[PROVIDED INFORMATION]

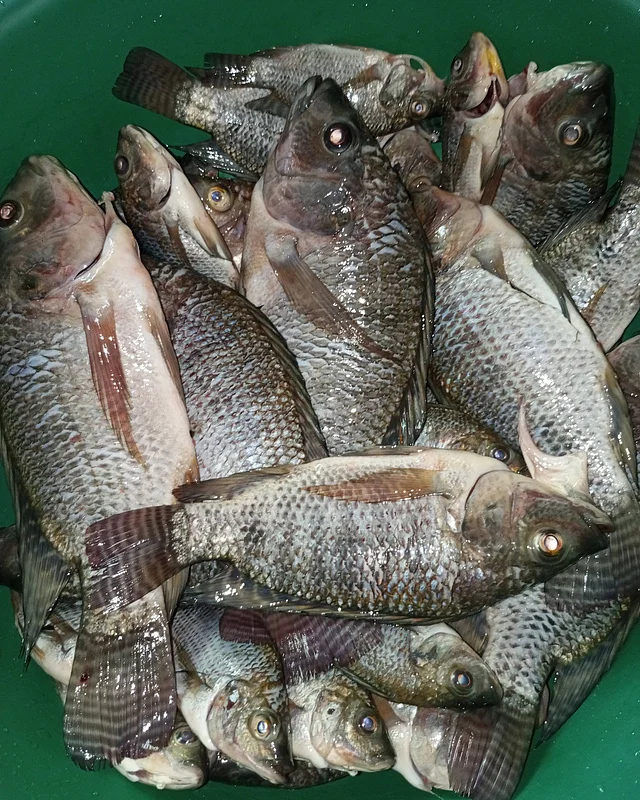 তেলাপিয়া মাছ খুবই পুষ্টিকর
* * *
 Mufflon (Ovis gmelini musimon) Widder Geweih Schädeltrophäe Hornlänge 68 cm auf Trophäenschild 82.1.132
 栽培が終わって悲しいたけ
* * *
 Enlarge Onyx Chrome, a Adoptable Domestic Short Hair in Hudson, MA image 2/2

[REQUIREMENT]
In the listing above, the lines from the one containing "Mufflon (Ovis gmelini" through the one containing "栽培が終わって悲しいたけ" must be set down exactly, with no other lines.

[RESPONSE TO THIS TASK]
 Mufflon (Ovis gmelini musimon) Widder Geweih Schädeltrophäe Hornlänge 68 cm auf Trophäenschild 82.1.132
 栽培が終わって悲しいたけ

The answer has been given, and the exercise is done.